—Definitivamente, lo que pasa en Las Vegas nunca se queda en las putas Vegas.
Me sostengo el puente de la nariz, intentando encontrarle sentido a esta situación.
—¿En qué momento a mi mente etílica se le ocurrió hacer un live de nuestra boda? —me quejo, cruzándome de brazos—.
Mi madre va a matarme… No, va a estar indignada porque no la invité.
—Y mi padre… ese señor sí que va a matarme —agrego, apoyando la cabeza contra la pared.
Hagamos un recuento de daños.
—Alexander, de tu lado, ¿cuántas personas saben que nos casamos? —pregunto, arqueando una ceja.
—Ya es noticia en el grupo familiar —responde él, masajeándose la sien—. Y la oficina nos envió un correo de felicitaciones.
—Claro, no podía ser de otra manera —acuso, rodando los ojos—. Malditas redes sociales. Prometo no usarlas borracha nunca más.
Aunque, conociéndome, terminaré en algún lío peor. Tengo una capacidad divina para meterme en problemas, al parecer.
—¿Y de tu parte? ¿Quién sabe de esto, Alexa?
—Mi madre no ha parado de llamar, y mis tías vieron el live… —murmuro, llevándome la mano a la frente.

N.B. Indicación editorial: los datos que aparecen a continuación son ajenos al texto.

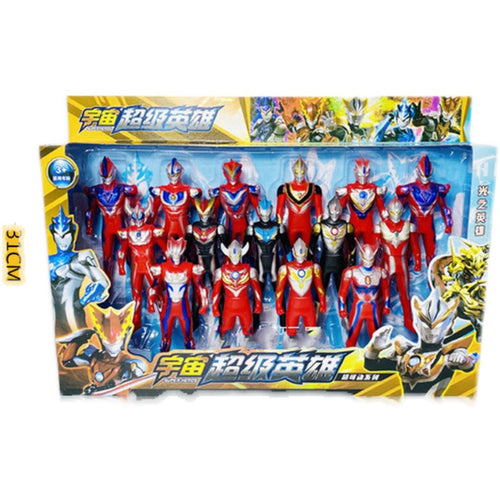  Ultraman Tiga Large Gift Box: Full Set Movable Doll cashymart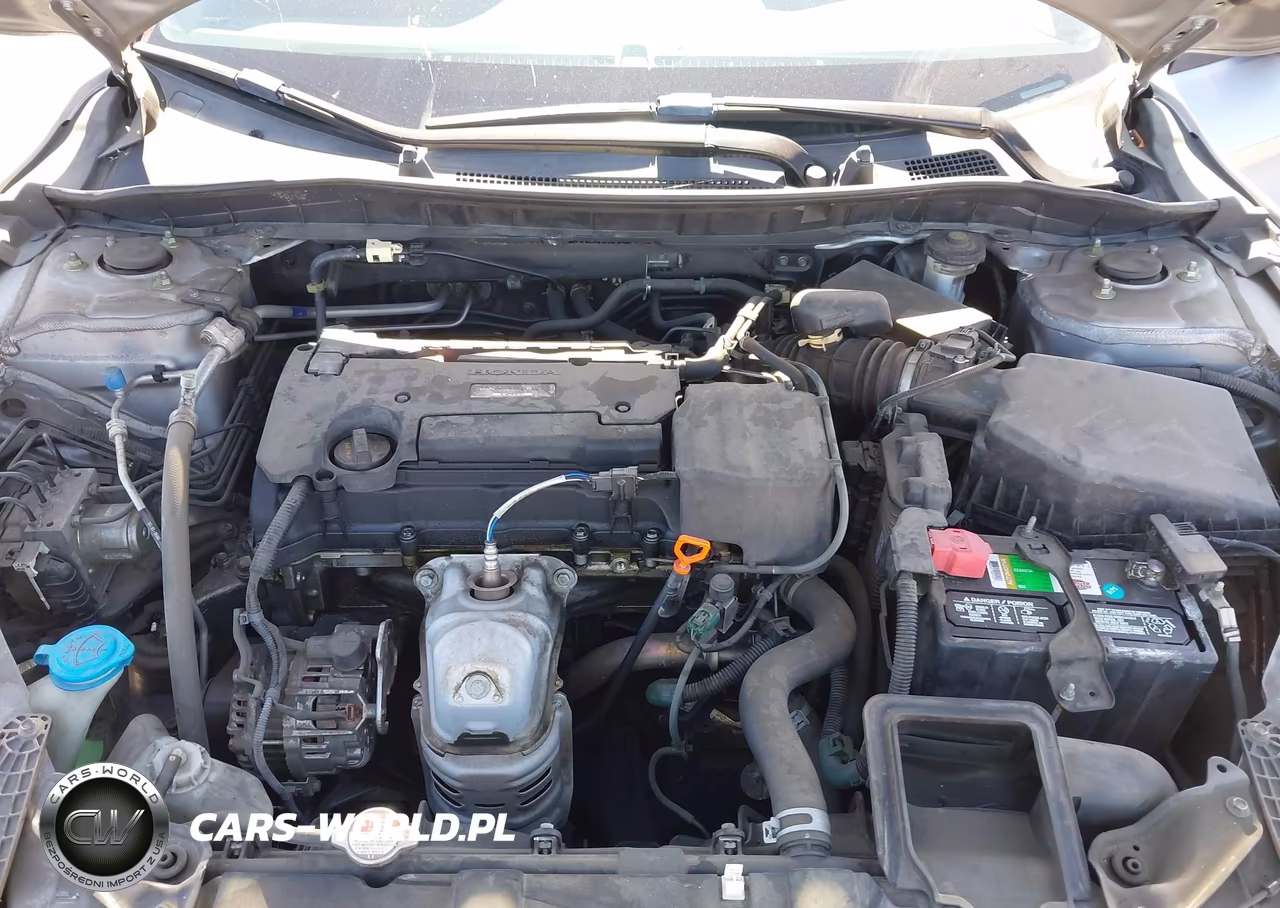 2016 Honda Accord Lx VIN:1HGCR2F38GA184013 - 10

Alexander se recuesta en la silla, resignado.
—Sigo sin entender cómo llegamos a esto…
—Yo solo recuerdo que te saqué a bailar para salvarte de tu jefa —respondo, sonriendo.
—Y terminamos casados —añade, con una risa suave que me obliga a mirarlo.
Nos reímos, y por un segundo, no parece tan terrible.
Hasta que él levanta el celular.
—No me vas a creer, pero nuestra oficina acaba de publicar las fotos.
—¿Qué? ¡No! —me levanto de golpe, quitándole el teléfono.
—Mira… “Dos parejas dieron el sí en la fiesta de la empresa”.
—¿Dos? ¿Quiénes fueron los otros pendejos?
—Randy y Úrsula.
Nos miramos. Y la risa explota entre los dos.
Por un instante, entre carcajadas y caos, me doy cuenta de que su risa me gusta demasiado.
Y eso sí que da más miedo que el maldito internet.